Pub Date: Nov. 1st, 1998
ISBN: 0-87081-501-6
Publisher: Univ. Press of Colorado

A debut novel—half comedy, half treatise on ’60s fallen dreams—that offers amusing insights but ultimately fails to persuade. Rod Huxley, onetime celebrated author, in 1972, of the political manifesto Cookbook for Revolution: 150 Ways to Boil, Broil, and Fry the Rich, has sunk into obscurity. Thanks to a $400 thousand contribution (by a nutty, albeit wealthy, fellow revolutionary), Huxley can afford to live a comfortable life of anonymity and lethargy in Denver with his two cats. That is, until the FBI contacts him with the news that a terrorist is holding hostages in a D.C. Burger King—and that only the appearance of Huxley will appease the bomber. Convinced that the terrorist is none other than his long-ago benefactor grown tired with waiting for the Huxley-inspired revolution, he agrees to travel to Washington but wearies of the FBI agent’s idiocy (as does the reader) and soon ditches him, trying to make his own, blundering way to the capitol.

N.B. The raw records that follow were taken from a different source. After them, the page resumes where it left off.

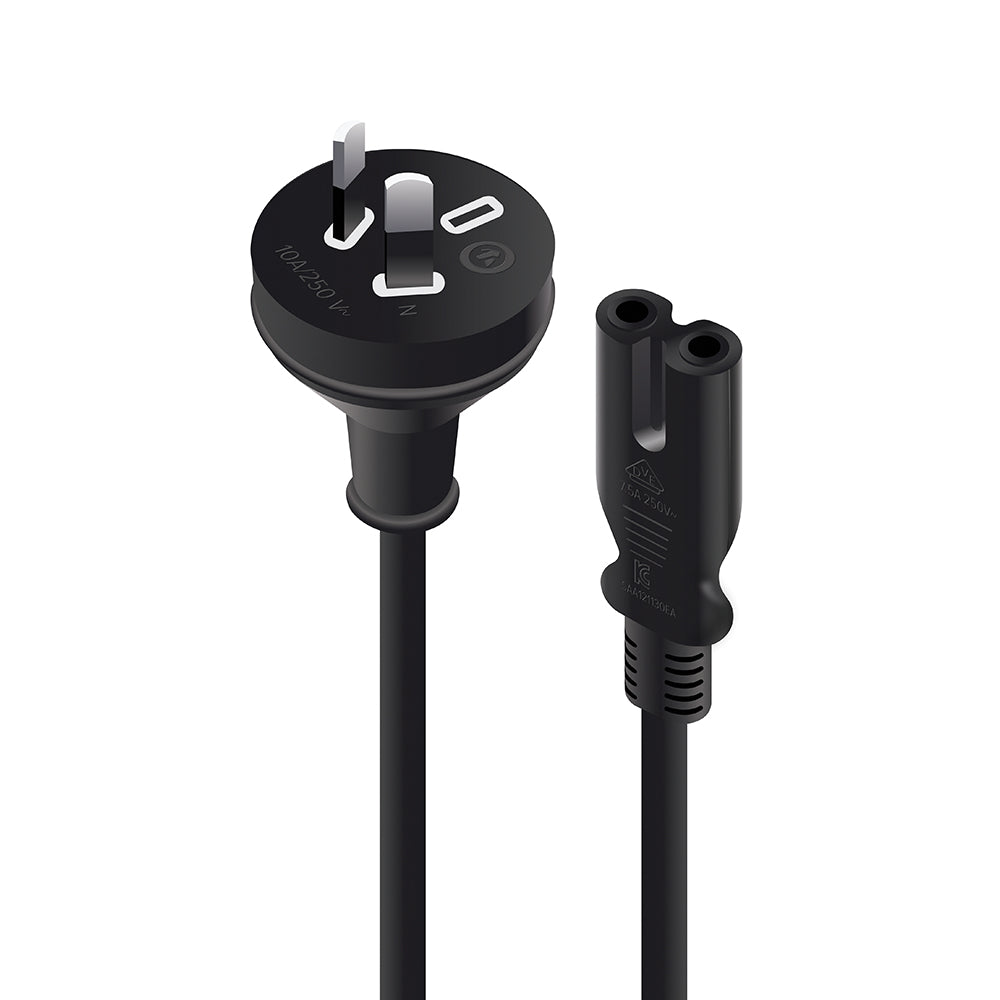 Aus 2 Pin Mains Plug to IEC C7 - Male to Female - Retail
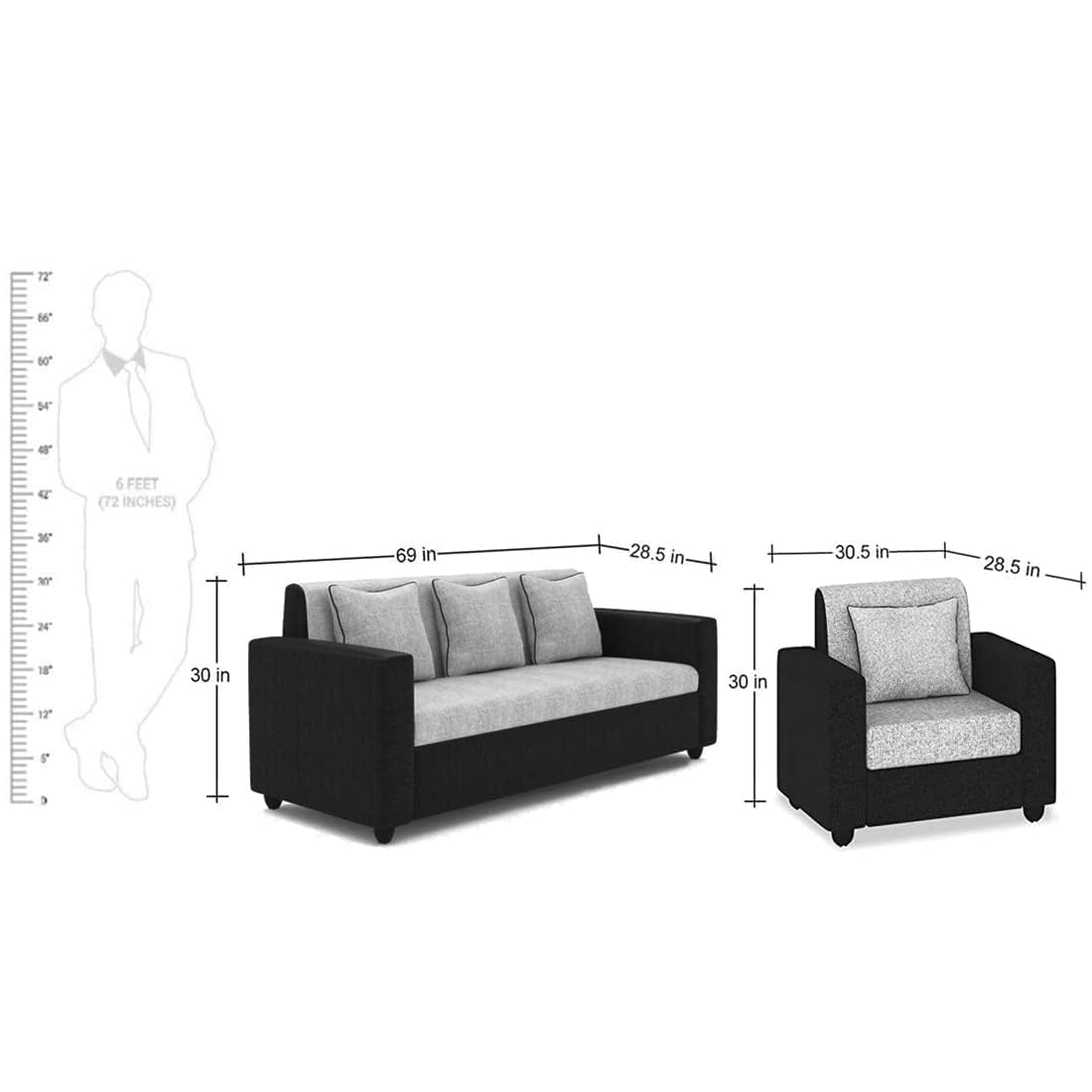 5 Seater Fabric Sofa Set for Living Room Furniture | 3+1+1 Sofa Set for Home & Office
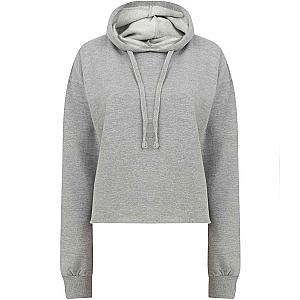 SF Clothing Ladies Cropped Slounge Hoodie - Heather Grey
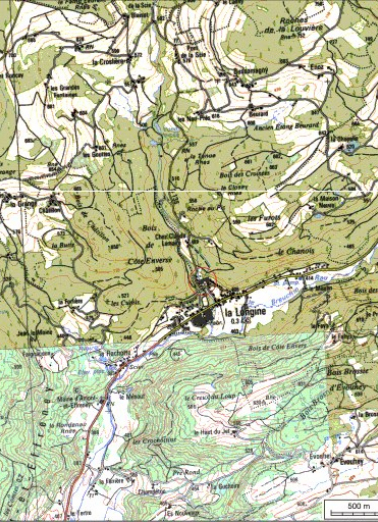 Carte de localisation. Carte topographique au 1:25000, I.G.N., Remiremont, 3519 OT. SCAN 25 © IGN - 2008, Licence n°2008CISE29-68. © Région Bourgogne-Franche-Comté, Inventaire du patrimoine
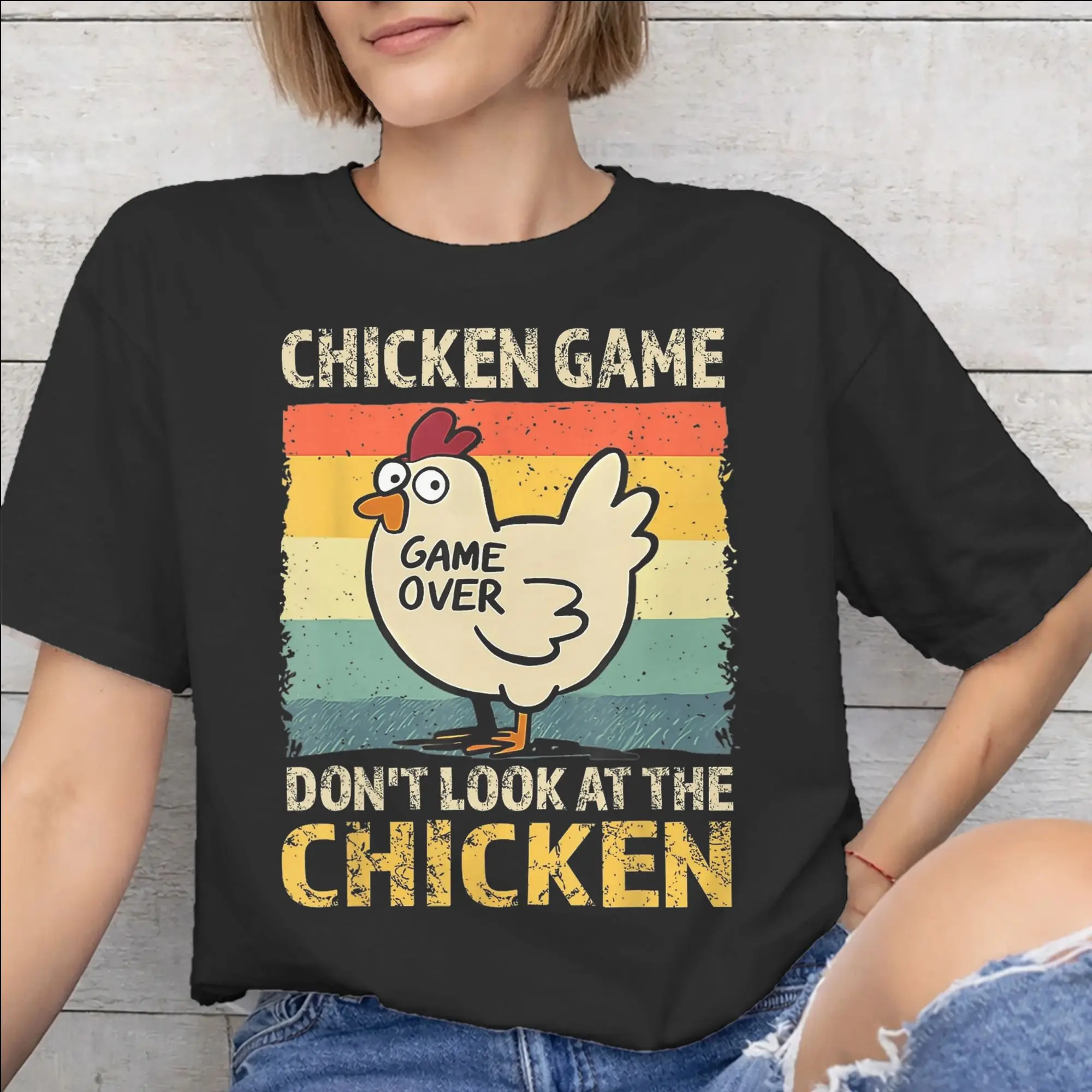 New Arrival Chicken Game Dont Look At The Chicken T Shirt for Men Women  Pure Cotton T-shirts Short Sleeve Tops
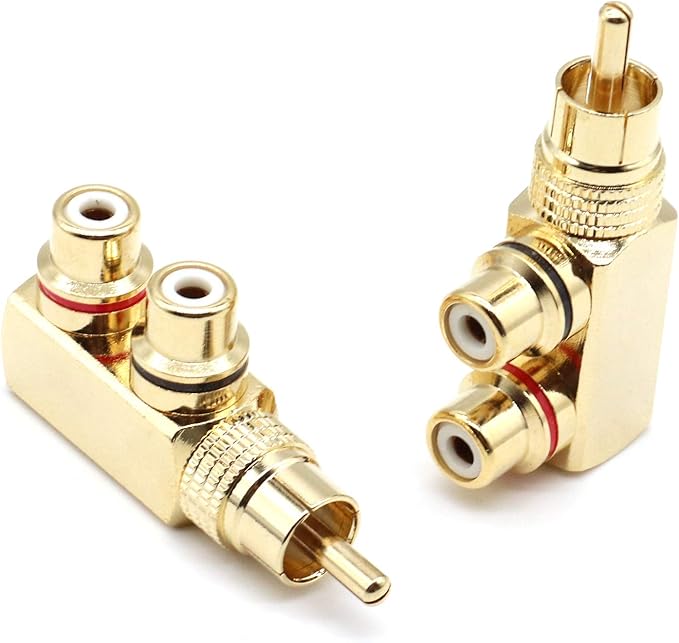LOCHSOEL RCA Splitter Adapter,Right Angle RCA Male to 2 Female AV Splitter Adapter Gold Plated Connector(2Pack)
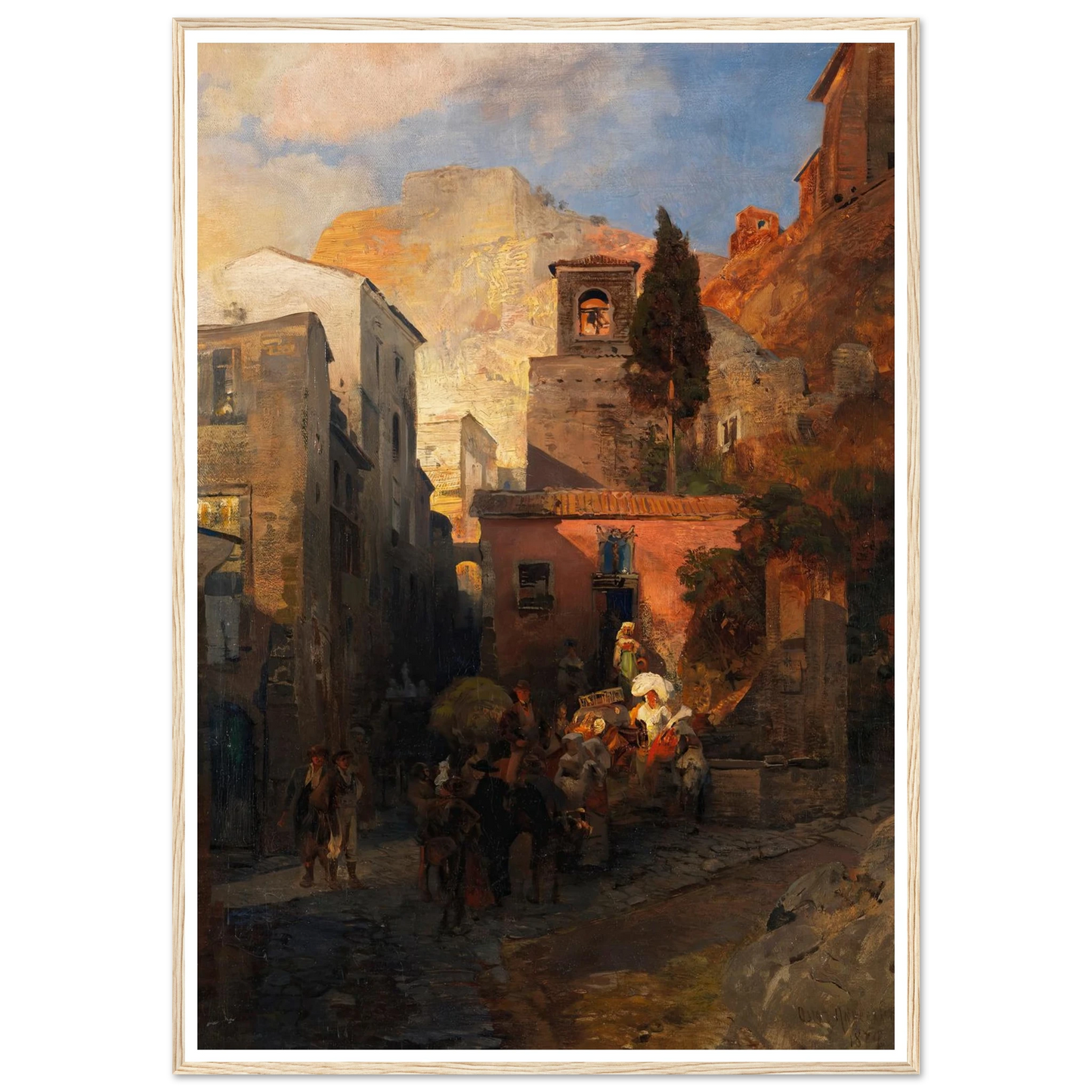 Straßenszene in einem italienischen Bergdorf (1879) Art Print | Oswald Achenbach - Framed Poster - 30x40 cm / 12x16″ - Black frame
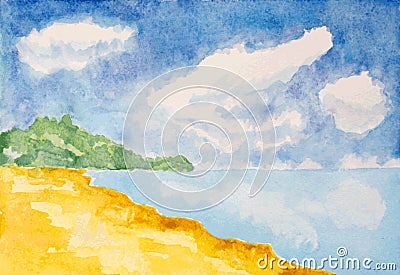 Watercolor beach landscape background Vector Illustration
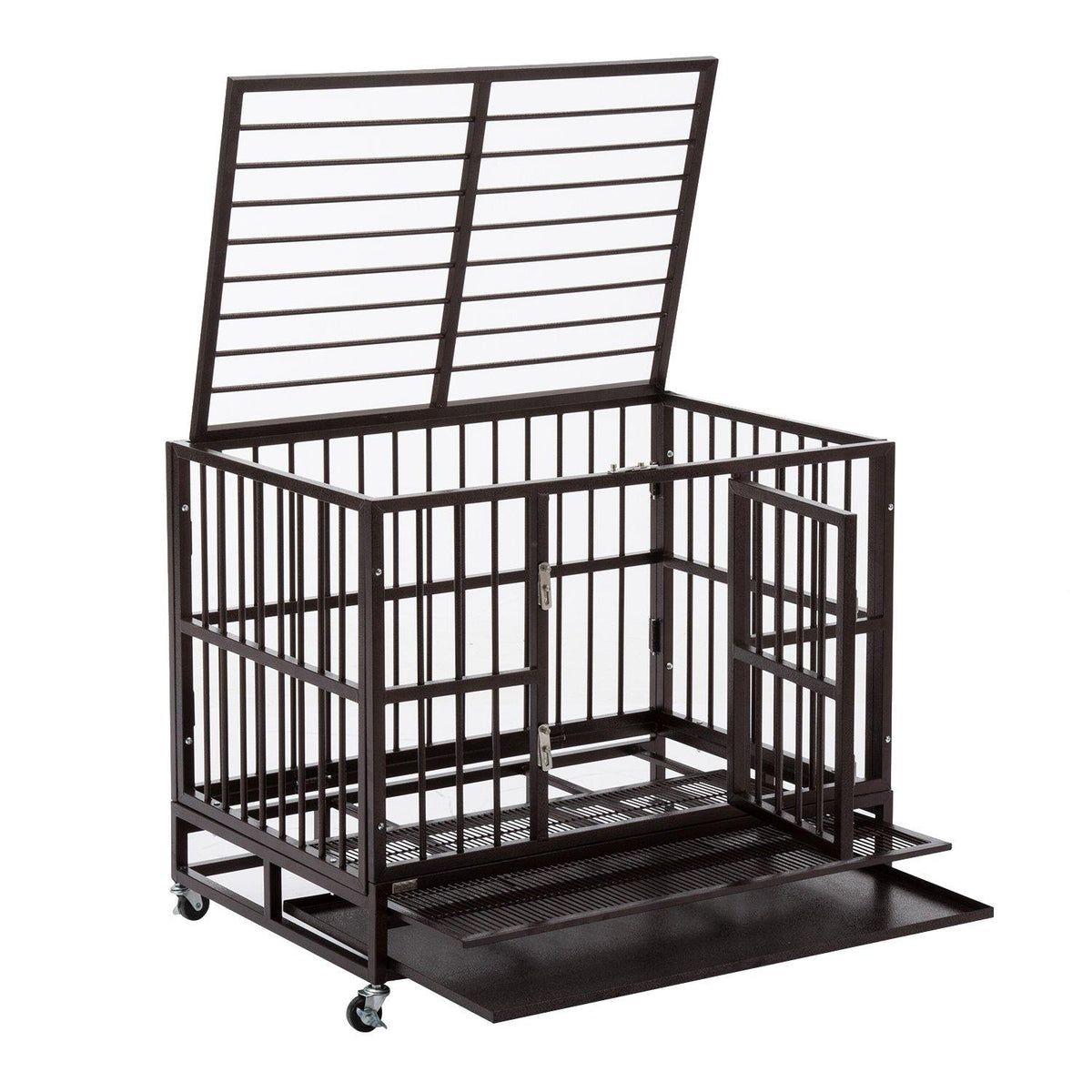 Bestmart INC Heavy Duty Dog CaCrate Kennel Metal Pet Playpen Portable w/Tray
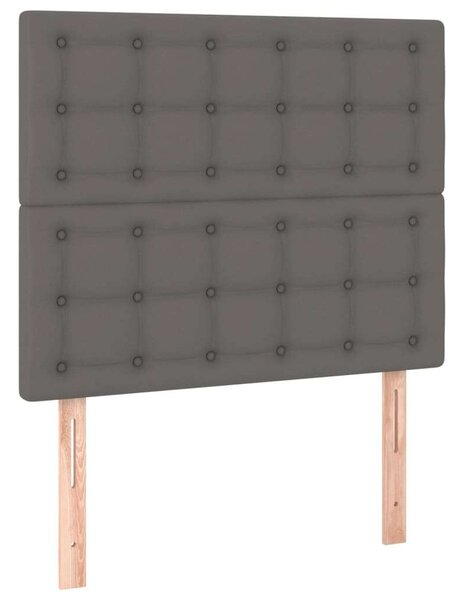 Szürke műbőr led-es fejtámla 100x5x118/128 cm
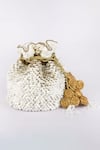 Buy_Vareli Bafna_White Sequin Champa And Bead Embellished Potli Bag _at_Aza_Fashions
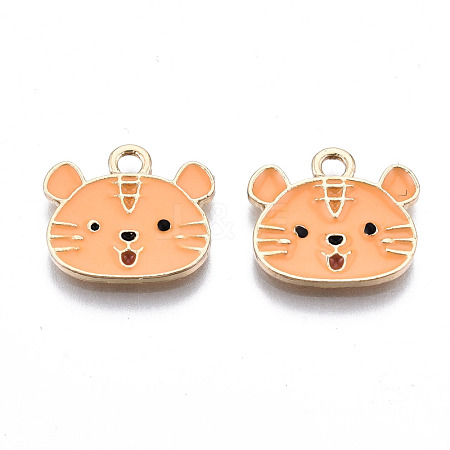 Light Gold Plated Alloy Enamel Pendants X-ENAM-T009-83B-RS-1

During the course of the journey, and sporadically throughout the story, Huxley reminisces about his renegade youth, the ultimate futility of his endeavors, and the possibility of regaining lost ideals. When he finally gets inside the Burger King, he finds that his old college flame and comrade-in-arms Sara is holding the tourists hostage, orchestrating everything in order to get Huxley back in the spotlight and writing again—he needs saving, she needs saving, the whole world needs saving. And convincing him to wake up and get to work again is (she thinks) the only solution. The two miraculously escape the feds, police, and helicopters circling overhead. Sara then takes Huxley to her apartment . . . . LaMarr’s contrasting styles of silliness and seriousness is effective, but the novel still misses the mark—and neither mode is fully realized.